### Study material
————
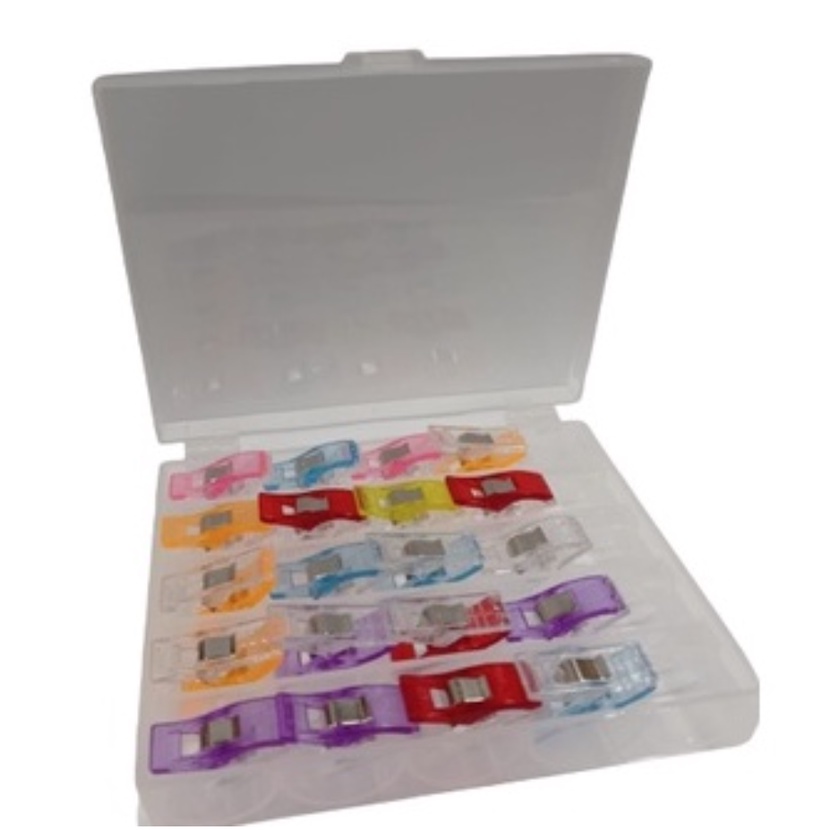 20 Pcs + Case Wonder Clip / Klip Plastik Pembatas Penjepit Bahan Kain Jahitan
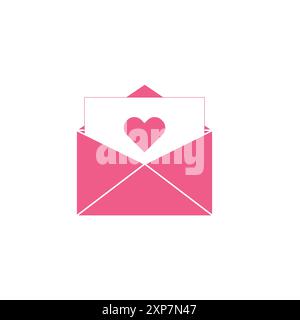 Busta rosa con icona Vector romantica. Nella busta c'è una carta con un cuore. Illustrazione di una lettera d'amore in stile piatto. Illustrazione Vettoriale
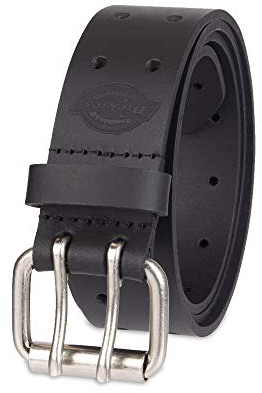 Dickies Herren Double Prong Fully Adjustable Leather Belt Gürtel, schwarz, Taille : 42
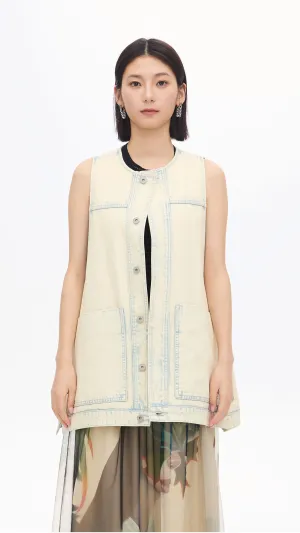 Bleach-washed Denim Waistcoat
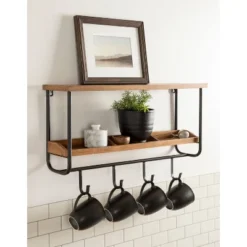 24" X 15" Oddell Wood Wall Shelf With Hooks Rustic Brown - Kate & Laurel All Things Decor -Home Decor Series Store GUEST 7d48de1a 849e 4ff3 be2e 01a4448ccf1c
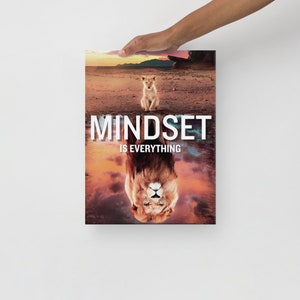 Mindset Is Everything Quote Wall Art (Poster/Canvas) | Lion Cub Reflection Art | Motivational Wall Art Print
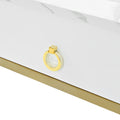 Nesting Coffee Table With Drawer, Set Of 2, Exquisite Square Stacking Coffee Tables With Brown Tempered Glass, Side Table With High Gloss Marble Grain Tabletop For Living Room, White White Gold Primary Living Space Drawers Square Mdf Steel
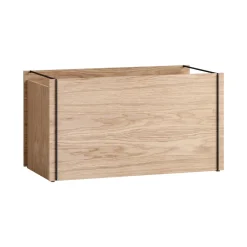 MOEBE Storage box oak 33x60 cm, Wood. black BrownBlack Discount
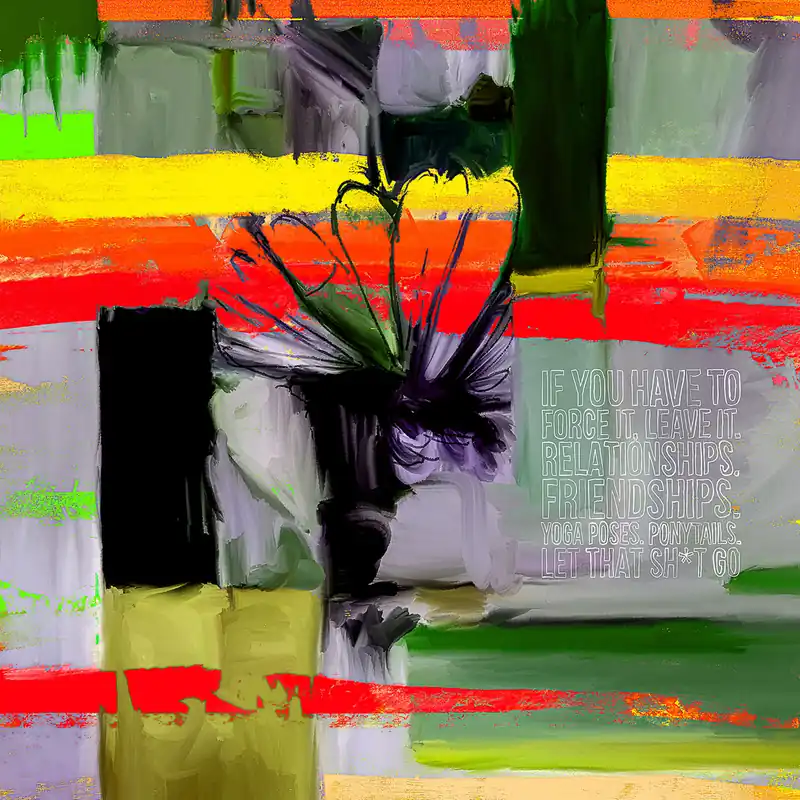 Kostenloser Versand H. Mühlbauer-Gardemin: "Abstrakt mit Text 2", Moderne Pop Art, Original/serielles Unikat (A)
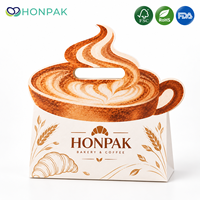 Sac en papier HONPAK en forme de tasse à café, imprimé sur mesure, emballage pour café avec poignée découpée pour pâtisserie, boulangerie, à emporter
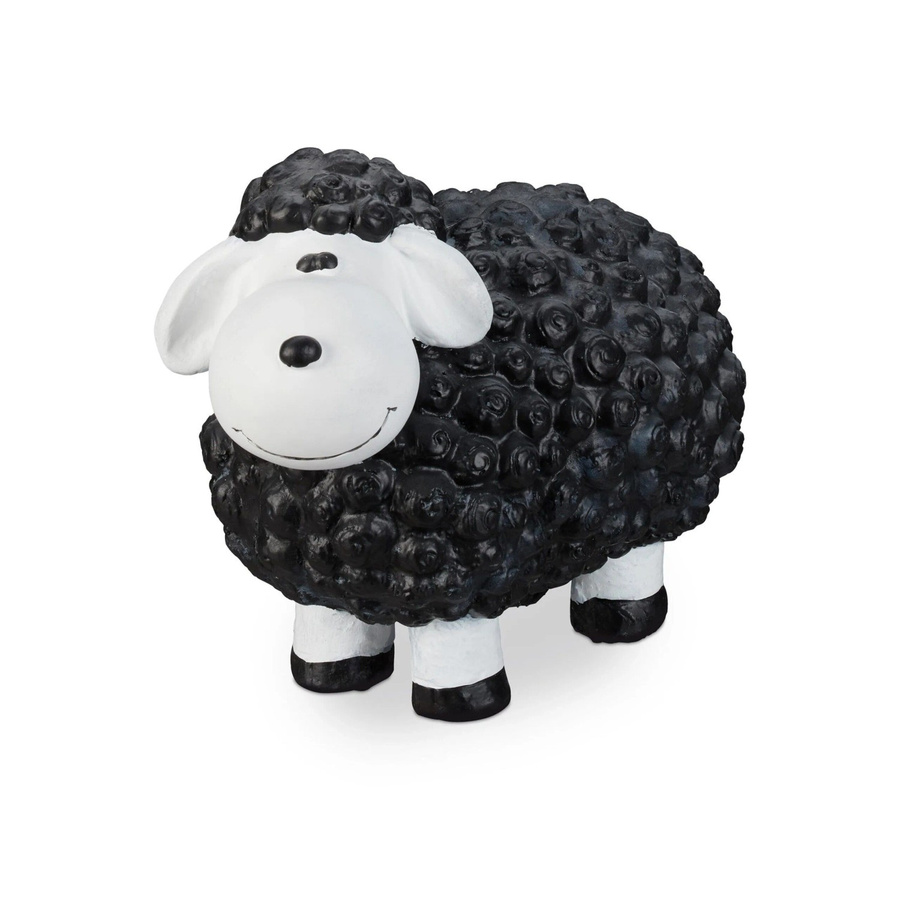 Wetterfeste Gartenfigur Schaf aus Keramik von Relaxdays in Schwarz, B/T/H: 33 x 24 x 44 cm - Bild 2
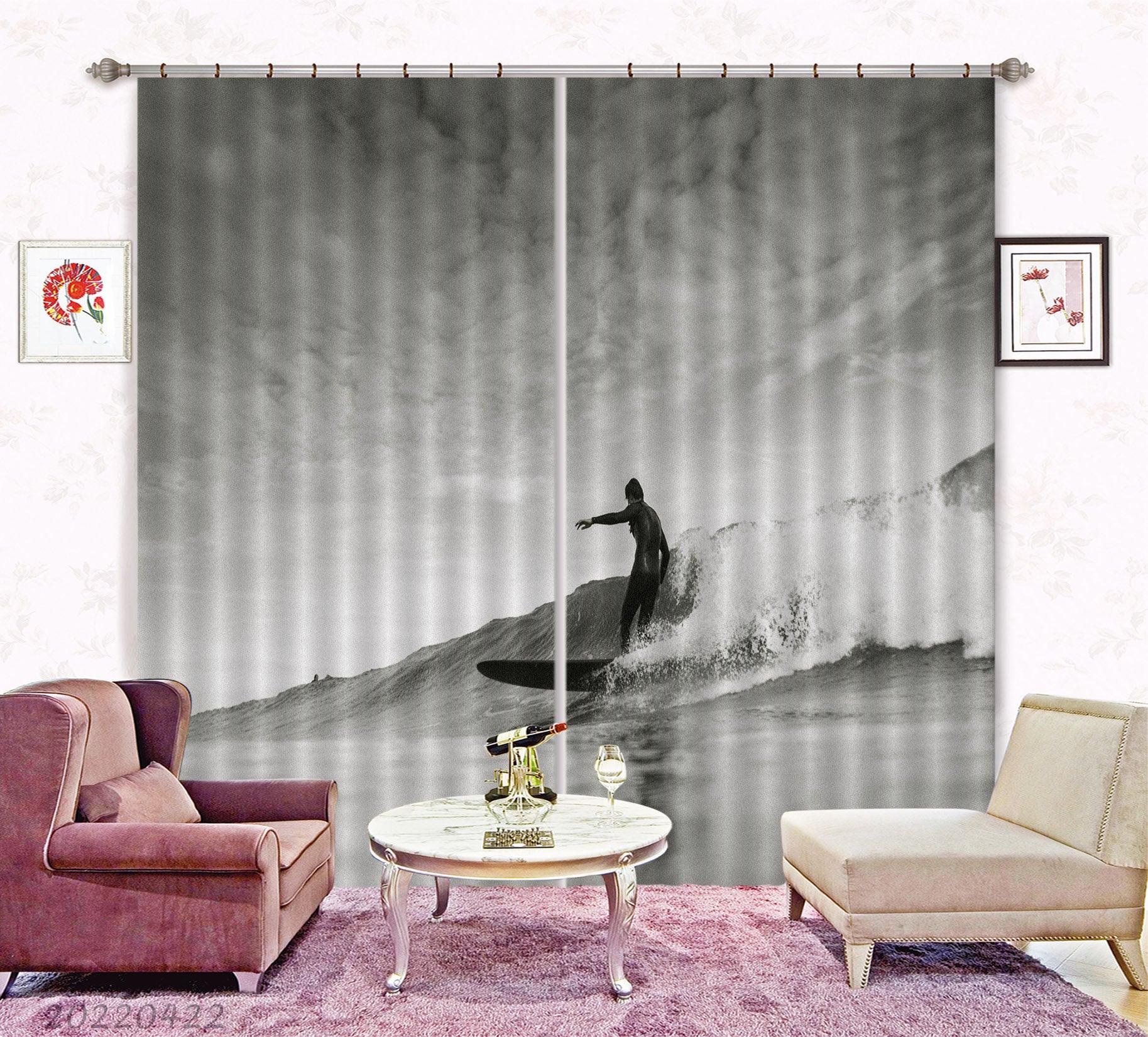3D Huge Wave Man Surfing Black White Curtains and Drapes GD 4228- Jess Art Decoration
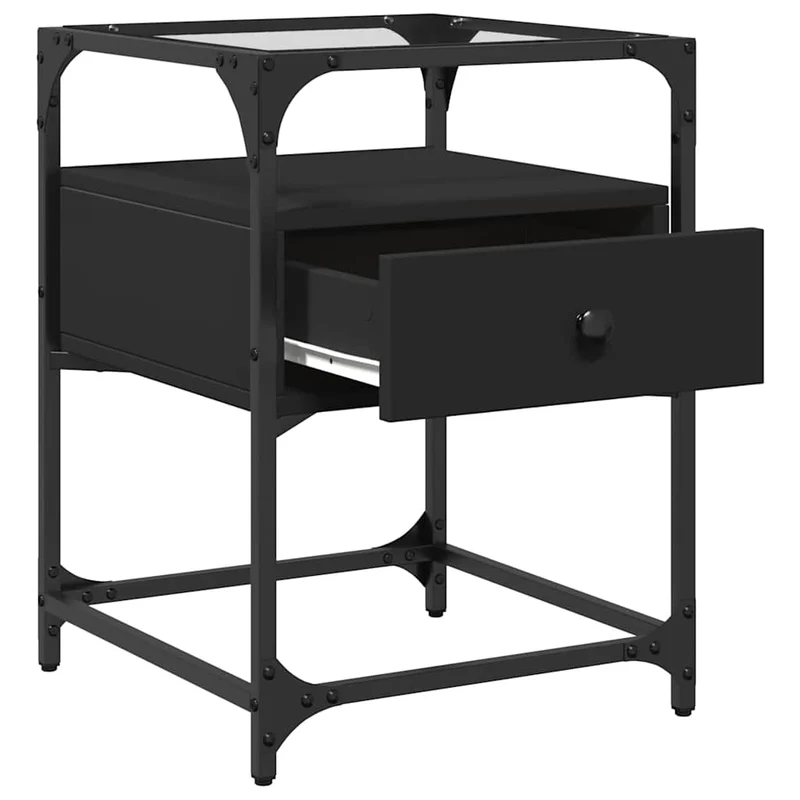 Lot de 2 tables de chevet avec tiroir 40 x 40 x 55 cm bois d’ingénierie noir acier et verre DEC035581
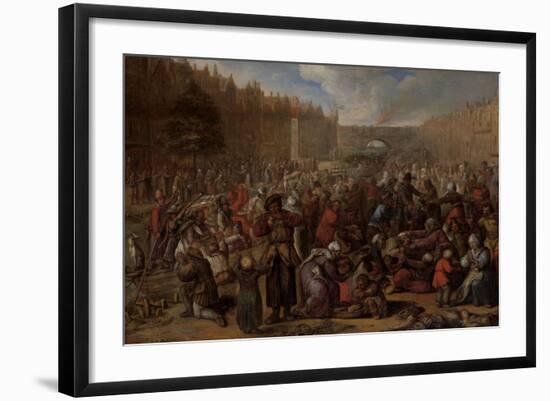 Distribution of Herring and White Bread at the Relief of Leiden, 3 October-Otto van Veen-Framed Art Print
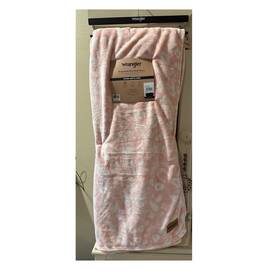944258-r996 Wrangler Oversized Ultra Plush Throw Blanket 60x70 Western Skull Floral Pink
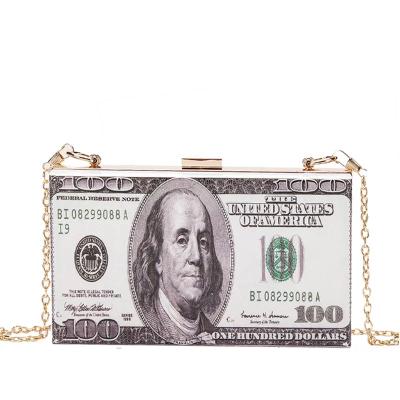 China Iron Acrylic Women Grab Cash Dollars Letter Evening Clutches Vintage Metal Chain Shoulder Party Retro Purses Pinch for sale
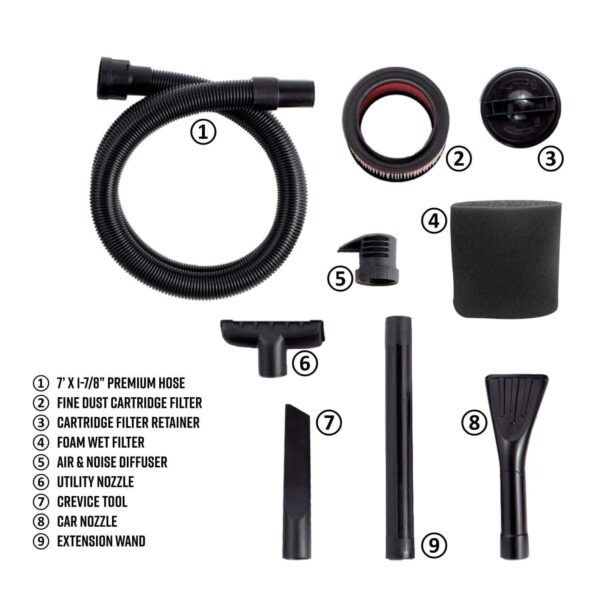 35d5b77ddcba4cd59dfbd355e1f7b58d Vacmaster Professional Professional Wet/Dry , 5 Gallon, Beast Series, 5.5 HP 1-7/8 Hose Jobsite Vac (VFB511B0201), Black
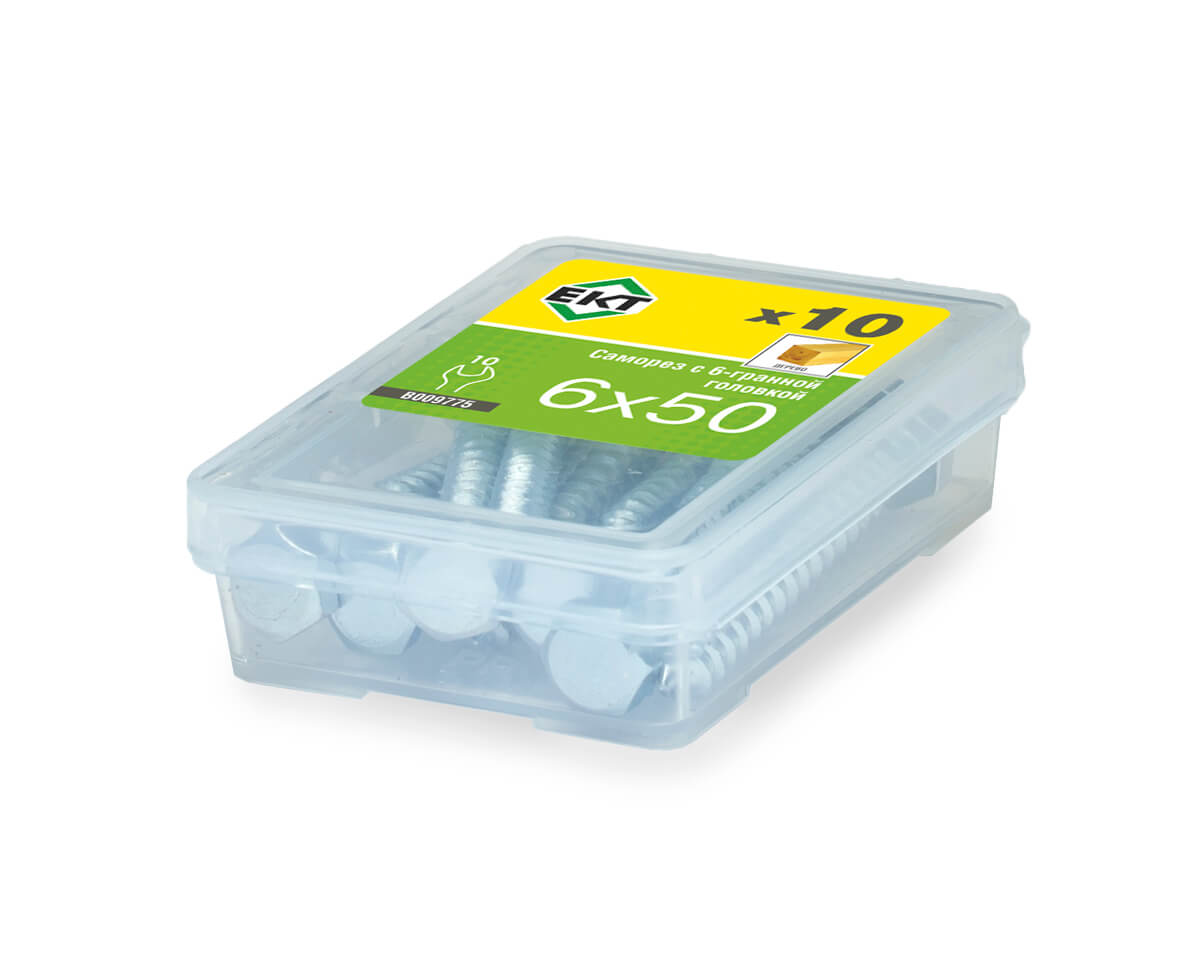 Саморез с 6-гранной головкой, 6.0x50 острый, цинк, ЕКТ (упак/10шт)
————
### Exercise directions
Copy exactly the lines of the entries above from the one containing "Sac en papier" through the one containing "Wetterfeste Gartenfigur Schaf". Both end lines count; pictures do not.

### Solution below
 Sac en papier HONPAK en forme de tasse à café, imprimé sur mesure, emballage pour café avec poignée découpée pour pâtisserie, boulangerie, à emporter
 Wetterfeste Gartenfigur Schaf aus Keramik von Relaxdays in Schwarz, B/T/H: 33 x 24 x 44 cm - Bild 2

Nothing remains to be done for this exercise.